** DATA SHOWN follows **

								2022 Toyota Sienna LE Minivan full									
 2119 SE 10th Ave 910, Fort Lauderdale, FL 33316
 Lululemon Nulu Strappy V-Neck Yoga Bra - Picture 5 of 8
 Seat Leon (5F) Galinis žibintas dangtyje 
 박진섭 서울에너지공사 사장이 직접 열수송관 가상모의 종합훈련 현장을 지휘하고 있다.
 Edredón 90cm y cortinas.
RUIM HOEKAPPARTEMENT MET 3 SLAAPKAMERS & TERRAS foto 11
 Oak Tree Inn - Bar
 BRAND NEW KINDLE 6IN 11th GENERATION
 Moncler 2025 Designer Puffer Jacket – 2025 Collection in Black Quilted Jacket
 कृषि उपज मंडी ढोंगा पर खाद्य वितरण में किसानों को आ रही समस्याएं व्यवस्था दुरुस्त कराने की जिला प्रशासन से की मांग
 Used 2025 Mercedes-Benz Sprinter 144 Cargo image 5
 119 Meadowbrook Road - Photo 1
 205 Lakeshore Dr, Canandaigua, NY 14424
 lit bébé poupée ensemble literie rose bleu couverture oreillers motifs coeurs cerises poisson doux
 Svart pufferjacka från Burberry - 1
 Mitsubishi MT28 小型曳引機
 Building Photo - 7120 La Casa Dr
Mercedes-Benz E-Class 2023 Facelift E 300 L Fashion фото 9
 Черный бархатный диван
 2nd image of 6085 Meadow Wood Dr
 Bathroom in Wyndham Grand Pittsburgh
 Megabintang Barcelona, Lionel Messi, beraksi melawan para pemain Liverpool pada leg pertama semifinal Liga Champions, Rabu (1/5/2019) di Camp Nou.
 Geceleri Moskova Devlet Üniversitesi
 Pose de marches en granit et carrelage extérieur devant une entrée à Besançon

** End of DATA SHOWN **

» **TASK ITEM**
Only the lines from the one that holds "Mercedes-Benz E-Class 2023" through the end of the records should appear in the answer, each restated exactly.

» **TASK RESPONSE**
Mercedes-Benz E-Class 2023 Facelift E 300 L Fashion фото 9
 Черный бархатный диван
 2nd image of 6085 Meadow Wood Dr
 Bathroom in Wyndham Grand Pittsburgh
 Megabintang Barcelona, Lionel Messi, beraksi melawan para pemain Liverpool pada leg pertama semifinal Liga Champions, Rabu (1/5/2019) di Camp Nou.
 Geceleri Moskova Devlet Üniversitesi
 Pose de marches en granit et carrelage extérieur devant une entrée à Besançon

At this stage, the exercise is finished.